» **WHAT THIS TASK INVOLVES**: Among the lines below, copy exactly those from the one with "İstanbul kara teslim: Özel" through the one with "Núi Phú Sĩ đối", counting both ends.

» **SOURCE DATA**:
╭──
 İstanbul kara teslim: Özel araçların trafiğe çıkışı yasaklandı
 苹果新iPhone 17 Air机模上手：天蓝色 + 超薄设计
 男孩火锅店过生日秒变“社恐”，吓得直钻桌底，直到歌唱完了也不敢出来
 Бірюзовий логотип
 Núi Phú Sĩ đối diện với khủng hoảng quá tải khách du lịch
╰──
╭──
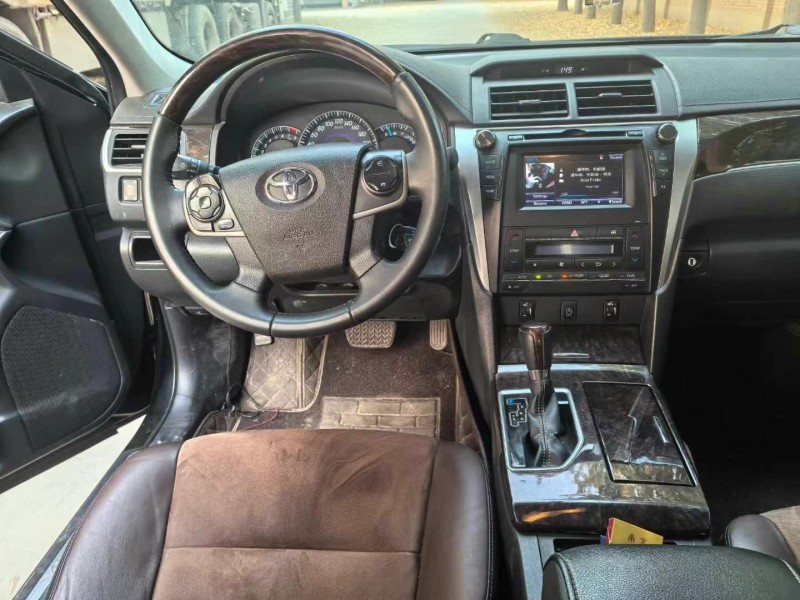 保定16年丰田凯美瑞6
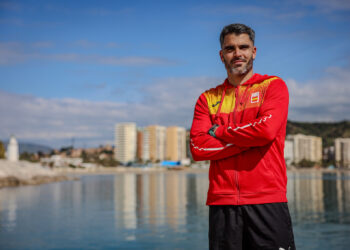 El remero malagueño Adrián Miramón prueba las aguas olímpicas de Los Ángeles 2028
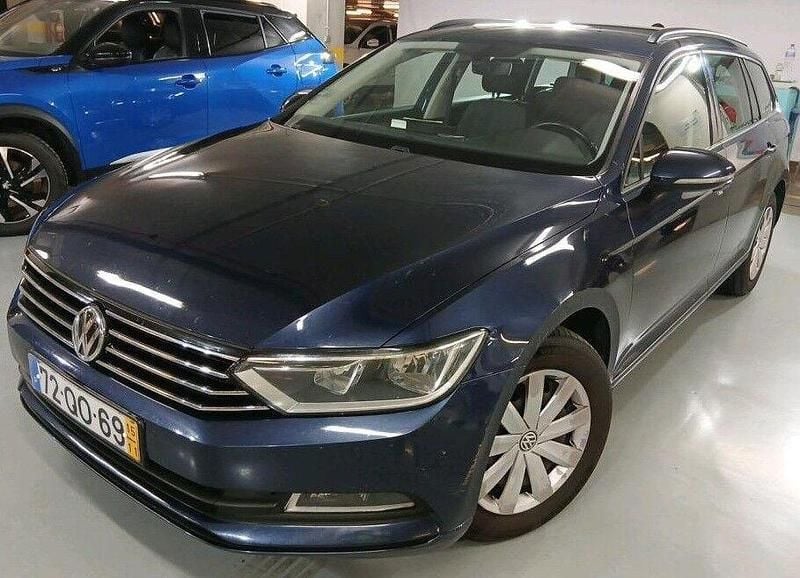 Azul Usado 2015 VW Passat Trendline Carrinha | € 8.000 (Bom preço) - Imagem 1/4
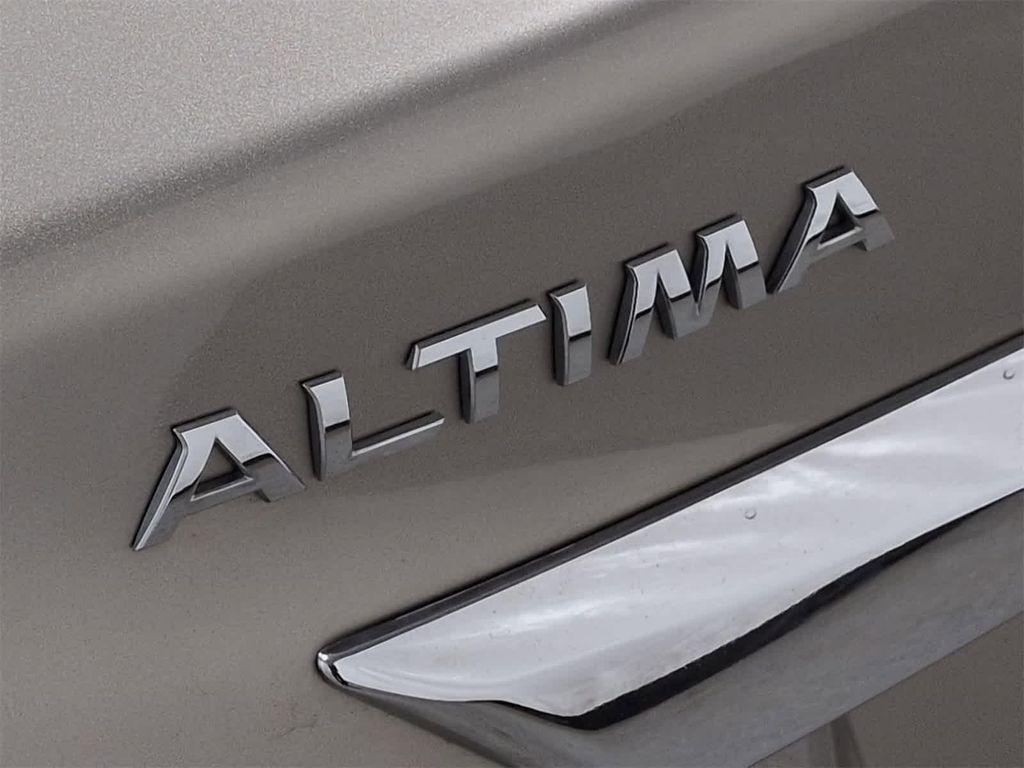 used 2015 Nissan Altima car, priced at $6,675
╰──
» **REPLY**:
 İstanbul kara teslim: Özel araçların trafiğe çıkışı yasaklandı
 苹果新iPhone 17 Air机模上手：天蓝色 + 超薄设计
 男孩火锅店过生日秒变“社恐”，吓得直钻桌底，直到歌唱完了也不敢出来
 Бірюзовий логотип
 Núi Phú Sĩ đối diện với khủng hoảng quá tải khách du lịch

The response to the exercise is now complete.